Maajid and Nalina [26] implemented a feature reduction method based on the RF algorithm in order to generate the Feature Importance (FI) score of each attribute present in the UNSW-NB15 dataset. The FI algorithm is a ranking system whereby the feature with the highest FI is the most important attribute in the classification process with regards to the target variable (class). After several experiments, a feature subset containing 11 attributes was selected. For the classification procedure, the authors considered the following ML approaches: kNN, DT, Bagging Meta Estimator (BME), XGBoost and RF. In order to assess the performance of these methods, the accuracy and the F-Measure scores obtained on test data were used as the principal metrics. The RF algorithm obtained the best results with an AC of 75.56% and an FM of 73.00%.
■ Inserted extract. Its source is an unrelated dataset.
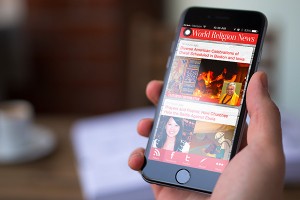 World Religion News App iOS 8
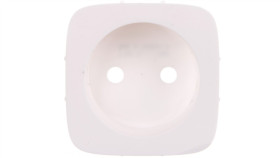 Valena Allure Plakietka Gniazda Pojedynczego 2P Biały 754975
In [27], a two-stage ensemble model for IDS using the Rotation Forest and Bagging algorithms was proposed. This multiple stage meta classifier model used a majority voting approach to decide on the best course of action. Additionally, a feature selection method using the Particle Swam Optimization (PSO), the GA and the Ant Colony Optimization (ACO) was implemented. The PSO-GA-ACO technique was applied on UNSW-NB15 and 19 optimal features were extracted. In order to validate their two-stage model, the researchers used the 10-fold cross-validation technique in conjunction with the hold-out method. The performance metrics considered in this work were the AC, the FPR, the sensitivity and the Precision. Therefore, for the binary classification scheme, the methodology proposed in this work achieved an AC of 91.27%, a precision of 91.60% and a sensitivity of 91.30% over the UNSW-NB15 test subset.

Zong et al. [28] proposed an IDS using a two-stage (TS) classifier model based on the RF classifier. The Information Gain (IG) method was used to select the attributes required for the binary classification process. The authors used the one-hot encoding technique in order to transform the categorical features of the UNSW-NB15 dataset. In the first stage, the IG-TS is concerned with the detection of minority classes and in the second phase, the IG-TS carries out the detection of majority classes. The results of each stage in then combined to provide the final prediction. The researchers used the AC and the FAR as performance metrics. After several experiments, the IG-TS achieved an AC of 85.78% and a FAR of 15.78%.

In [29], a two-stage model using the RepTree algorithm for NIDS was presented. To assess the performance of this method, the authors used the UNSW-NB15 dataset amongst others. In the first stage of the framework, the classifier subdivides the network traffic into the following 3 categories: UDP, TCP and Other (Other kinds of network traces). In the second stage, the RepTree classifies the anomalies recorded in the initial stage and performs the attacks predictions. Moreover, the framework proposed in this research used the IG and Consistency (IGC) method to reduce the feature space. The results for the binary classification scheme showed that the TS-RepTree achieved an accuracy of 88.95% over the test dataset with about 20 most relevant features. The drawback of this research is the fact that the authors only considered one metric to evaluate the performance of their framework.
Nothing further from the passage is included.